西澤姐さんは、現在の「炭火割烹 蔓ききょう」さんをはじめられる前、祇園四条駅からすぐ近くにあるカウンター8席だけのとても小さな鶏料理専門店「うずら屋」さんで料理長をされていた。

こちらは現在、姐さんのお弟子さんだった大島さんが店主となられ、かなりこだわりのある食材を使い、独創的で美味しい鶏料理をお手頃な価格でいただける。姐さんに鍛えられただけあって、大島さんのお料理もとても美味しい。

うずら屋さん

姐さんのキャリアをさらに遡ると、うずら屋さん以前には京都の北区で小さな料理屋さんを営んでられた。ここがなんと、ぼくが住んでいた部屋から目と鼻の先ほどの距離だったのだけれど、当時はそんな凄腕の料理屋さんがあるとは知らなかった。

2004年8月のある日、田鶴さん(昨日書いた京野菜の生産者さん)がパンを買いにこられた際にご挨拶をすると、「今度、三國さんが京都にこられるけど、一緒に食事せえへんか?三國さんのファンなんやろ」と声をかけていただいた。
ぶっきらぼうな口調ではあるけれど、「気は優しく力持ち」な田鶴さんの粋な計らいだった。さすが「三國さんが京都にこられたときは、(田鶴さんが)ボディガードや」と豪快に笑われていた仲である。

それにしてもまさか、あの三國さんと食事をご一緒できる日が来るなんて。
18歳のときのぼくに「そのままがんばっていれば、必ず良いことがあるよ」と、伝えてやりたい気持ちになった。

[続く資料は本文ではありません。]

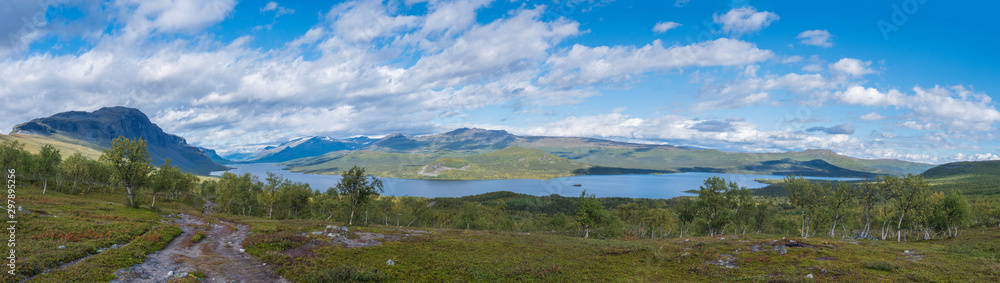 Fototapeta premium Panoramic landscape with beautiful river Lulealven, snow capped mountain, birch tree and footpath of Kungsleden hiking trail near Saltoluokta, north of Sweden, Lapland wild nature. Summer blue sky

迎えた会食の日。ぼくはサインをもらうため、2冊の料理写真集と買ったばかりのマッキー(マジック)を握り締め、お店へ向かった。
1冊は、もちろん「皿の上に、僕がある。」
もう1冊は、オテル・ドゥ・ミクニが10周年を機に大改装をされたタイミングで製作され、1996年に刊行された2冊目の料理写真集「C’est Mikumi 僕のおいしさ」。
そして、この会食の場が姐さんの営んでられた小さな料理屋さんだった。

お店へ入ると、姐さんはカウンターの中で手際よく料理をされていて、カウンターには三國さんと田鶴さん、そして京都の老舗フランス料理店「エヴァンタイユ」の森谷シェフも同席されていた。
緊張するなと言われても到底無理な状況である。
意を決して正直に書くと、姐さんには申し訳ないけれどこのとき何をいただいたのか、まったく記憶にない。それどころか皆さんと結構話をした覚えはあるけれど、何を話したのかもこれまたまったく頭に残っていない。それほど、ぼくは緊張をした。
それでも唯一鮮明に覚えているのはサインをいただいた際、「皿の上に、僕がある。」を目にされた三國さんが笑いながら言われた、このひと言だけだった。